[mSparks]

"Safe/Secure" code - by definition must be slower than unsafe code.

Because every operation must pass over a series of hurdles to make sure it is safe. - does the code have permission to do this, is everything being supplied within bounds, is the system in a stable state.

Every language is about the same with all these checks in place. In fact C is quite possibly slower, because so many of the memory jumps will be so far away, and compilers are much better at optimising for this than people.

In my opinion not having these checks is only acceptable when the permissions of all developers and all users - potential and actual are identical. While there are rare cases this is true, much to many developers chargrin, in nearly every case it is not.

The whole point of SSL is that developers, users and users of the users permissions are totally different.

[DasIch]

This isn't true at all. The language has an impact on whether you can make perform these checks at runtime or at compile time. If you can do them at compile time, performance isn't affected at all and the code won't run slower.

[nickpsecurity]

"If you can do them at compile time, performance isn't affected at all and the code won't run slower."

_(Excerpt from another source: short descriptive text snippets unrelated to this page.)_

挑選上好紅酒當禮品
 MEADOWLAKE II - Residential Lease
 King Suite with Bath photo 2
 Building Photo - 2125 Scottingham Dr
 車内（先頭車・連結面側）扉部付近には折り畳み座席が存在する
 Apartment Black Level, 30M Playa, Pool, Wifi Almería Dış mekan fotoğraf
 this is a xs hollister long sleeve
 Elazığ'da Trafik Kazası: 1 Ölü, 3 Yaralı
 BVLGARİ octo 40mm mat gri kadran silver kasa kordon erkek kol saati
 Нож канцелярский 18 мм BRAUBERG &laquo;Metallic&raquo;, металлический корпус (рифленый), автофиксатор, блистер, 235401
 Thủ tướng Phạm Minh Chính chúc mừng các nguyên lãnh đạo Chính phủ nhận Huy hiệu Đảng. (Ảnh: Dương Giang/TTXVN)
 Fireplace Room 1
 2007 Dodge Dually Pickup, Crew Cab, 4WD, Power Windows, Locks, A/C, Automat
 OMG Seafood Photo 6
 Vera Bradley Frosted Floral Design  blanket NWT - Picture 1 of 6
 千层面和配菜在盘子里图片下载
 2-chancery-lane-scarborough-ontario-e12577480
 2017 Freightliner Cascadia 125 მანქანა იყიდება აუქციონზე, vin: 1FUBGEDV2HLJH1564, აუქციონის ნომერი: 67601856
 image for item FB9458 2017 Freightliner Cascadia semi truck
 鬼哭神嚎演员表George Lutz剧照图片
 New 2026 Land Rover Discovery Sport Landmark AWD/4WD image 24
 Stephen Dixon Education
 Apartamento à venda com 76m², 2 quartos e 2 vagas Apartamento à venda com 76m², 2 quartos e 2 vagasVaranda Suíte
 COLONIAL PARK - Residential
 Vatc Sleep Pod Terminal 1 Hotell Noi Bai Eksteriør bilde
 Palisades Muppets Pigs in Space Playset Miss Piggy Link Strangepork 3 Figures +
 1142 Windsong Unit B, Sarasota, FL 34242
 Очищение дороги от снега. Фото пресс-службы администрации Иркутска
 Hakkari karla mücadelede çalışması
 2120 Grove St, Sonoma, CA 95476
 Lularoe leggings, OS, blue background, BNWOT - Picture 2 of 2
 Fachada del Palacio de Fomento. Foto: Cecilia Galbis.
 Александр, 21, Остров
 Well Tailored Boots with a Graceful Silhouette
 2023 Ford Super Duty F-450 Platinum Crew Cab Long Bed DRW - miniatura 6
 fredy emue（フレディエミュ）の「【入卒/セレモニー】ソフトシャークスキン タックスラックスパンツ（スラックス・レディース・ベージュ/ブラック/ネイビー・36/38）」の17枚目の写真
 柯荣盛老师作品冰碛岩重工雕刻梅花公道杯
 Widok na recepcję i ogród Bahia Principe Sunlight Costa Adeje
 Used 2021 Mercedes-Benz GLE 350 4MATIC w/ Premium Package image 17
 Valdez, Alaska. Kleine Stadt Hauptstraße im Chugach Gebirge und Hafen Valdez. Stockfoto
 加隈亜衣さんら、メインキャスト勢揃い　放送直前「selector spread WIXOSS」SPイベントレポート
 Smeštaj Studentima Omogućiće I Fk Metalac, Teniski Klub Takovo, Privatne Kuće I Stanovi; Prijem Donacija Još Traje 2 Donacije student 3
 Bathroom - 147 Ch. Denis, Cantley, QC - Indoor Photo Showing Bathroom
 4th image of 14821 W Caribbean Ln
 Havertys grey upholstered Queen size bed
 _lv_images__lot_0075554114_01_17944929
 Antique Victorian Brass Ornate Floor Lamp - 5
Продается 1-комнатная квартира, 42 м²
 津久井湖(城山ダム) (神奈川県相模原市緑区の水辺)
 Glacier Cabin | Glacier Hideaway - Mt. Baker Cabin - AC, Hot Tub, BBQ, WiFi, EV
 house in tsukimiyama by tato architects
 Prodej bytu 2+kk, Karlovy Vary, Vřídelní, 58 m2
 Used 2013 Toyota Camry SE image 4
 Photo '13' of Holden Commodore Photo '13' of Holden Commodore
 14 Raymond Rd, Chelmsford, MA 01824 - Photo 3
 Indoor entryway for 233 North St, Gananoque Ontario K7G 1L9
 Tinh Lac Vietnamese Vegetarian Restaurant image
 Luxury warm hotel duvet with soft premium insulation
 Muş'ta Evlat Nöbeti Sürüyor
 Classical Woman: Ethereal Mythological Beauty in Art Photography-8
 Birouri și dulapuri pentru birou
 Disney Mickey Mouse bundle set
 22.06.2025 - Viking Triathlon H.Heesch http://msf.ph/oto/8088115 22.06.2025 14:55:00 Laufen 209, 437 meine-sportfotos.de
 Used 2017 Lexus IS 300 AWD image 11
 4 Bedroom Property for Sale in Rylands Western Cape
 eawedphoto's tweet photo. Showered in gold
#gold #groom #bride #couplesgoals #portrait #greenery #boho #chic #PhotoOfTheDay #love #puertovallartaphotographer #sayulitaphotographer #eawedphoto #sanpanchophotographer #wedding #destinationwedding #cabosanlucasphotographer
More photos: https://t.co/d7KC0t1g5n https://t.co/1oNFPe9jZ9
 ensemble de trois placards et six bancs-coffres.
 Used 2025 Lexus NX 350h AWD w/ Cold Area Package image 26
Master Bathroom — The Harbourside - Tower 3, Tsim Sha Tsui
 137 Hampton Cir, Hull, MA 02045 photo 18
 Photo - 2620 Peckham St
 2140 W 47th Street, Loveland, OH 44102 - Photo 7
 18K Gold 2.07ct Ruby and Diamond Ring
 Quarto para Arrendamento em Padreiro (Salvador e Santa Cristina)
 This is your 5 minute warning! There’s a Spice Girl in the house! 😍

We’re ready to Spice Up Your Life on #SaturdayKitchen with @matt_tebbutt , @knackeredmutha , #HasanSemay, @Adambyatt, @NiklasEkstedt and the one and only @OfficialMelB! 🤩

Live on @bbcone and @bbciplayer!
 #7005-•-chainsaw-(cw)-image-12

That's not universally true. Compiler people tell me some optimizations happen using undefined behavior. Personal experience shows some, esp hand-optimized assembly, rely on stuff that a static analyzer just couldn't handle. These are common in compression, encryption, and multimedia libraries. So, you indeed might sacrifice performance writing code in a language that can knock out all kinds of problems at compile time working within the coding style it needs to do that.

In the general case, though, your point holds so far as lots of problems can be knocked out at compile time without affecting performance enough for the user to care.